§ TASK TO COMPLETE
Below are several records. Retype exactly those lines running from the one with "5 fotografías del" through the one with "Maison Proust, & La 5*", end lines included, and no others.

§ INFORMATION

☆ ☆ ☆ ☆ ☆ ☆ ☆

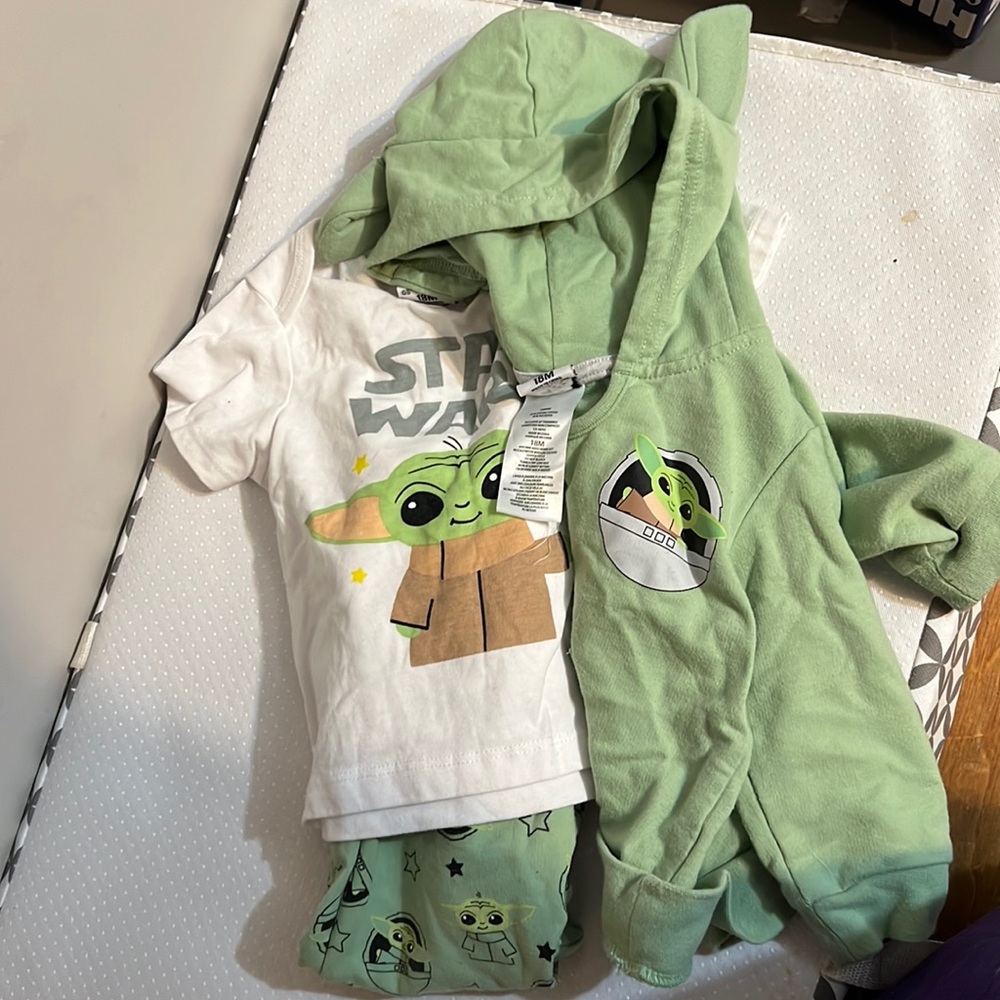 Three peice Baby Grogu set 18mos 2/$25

☆ ☆ ☆ ☆ ☆ ☆ ☆

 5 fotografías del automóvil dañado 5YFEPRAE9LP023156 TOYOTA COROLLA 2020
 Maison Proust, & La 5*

☆ ☆ ☆ ☆ ☆ ☆ ☆

§ SOLUTION TO THIS PROBLEM
 5 fotografías del automóvil dañado 5YFEPRAE9LP023156 TOYOTA COROLLA 2020
 Maison Proust, & La 5*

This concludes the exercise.